Urban growth modelling and simulation
Learning from the past, applying in the present and dreaming of the future
Our backgrounds and circumstances influence the way we see and experience cities. But one thing remains true of cities: there is always a buzz of interactivity of some sort, be it in business transactions, leisure activities or the process of moving about. Cities are complex systems and governing cities is, unsurprisingly, a complicated matter.
As cities grow, they become increasingly complex in terms of economic systems, social structures and geopolitical considerations. Different role players, acting individually and collectively, give rise to the emergent patterns of the city – traffic congestion, housing shortages, and deficits in service delivery. Factors like natural disasters and climate change add to the dynamic, complex character of cities.

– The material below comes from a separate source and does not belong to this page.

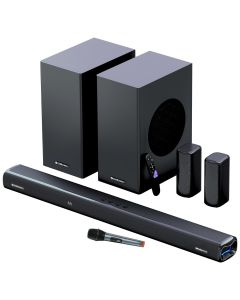 ZEBRONICS New Launch Juke BAR 9850 7.2.2 (5.2.4) Channel Soundbar, 725 Watts, Dolby Atmos, HDMI eARC, Optical, Dual Wireless (Subwoofer + Satellites), Wireless UHF Microphone, RGB LED, Powerful Bass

So, how do planners and decision-makers plan cities in a way that will make them sustainable? How do they ensure that the outcomes they intend will be achieved? And how do they test the likely impact of policy interventions?
One of the tools at their disposal is urban modelling, in which the Council for Scientific and Industrial Research (CSIR) has been investing for several years, adapting a simulation model developed in the United States, UrbanSim, and applying it in a local context. Urban growth modelling is essentially a tool to facilitate coordination and prioritisation, taking account of the fact that different role-players in the city make disparate decisions, which influence the major issues that our cities face. The CSIR’s work on urban growth modelling has been from the perspective of various role-players, including government.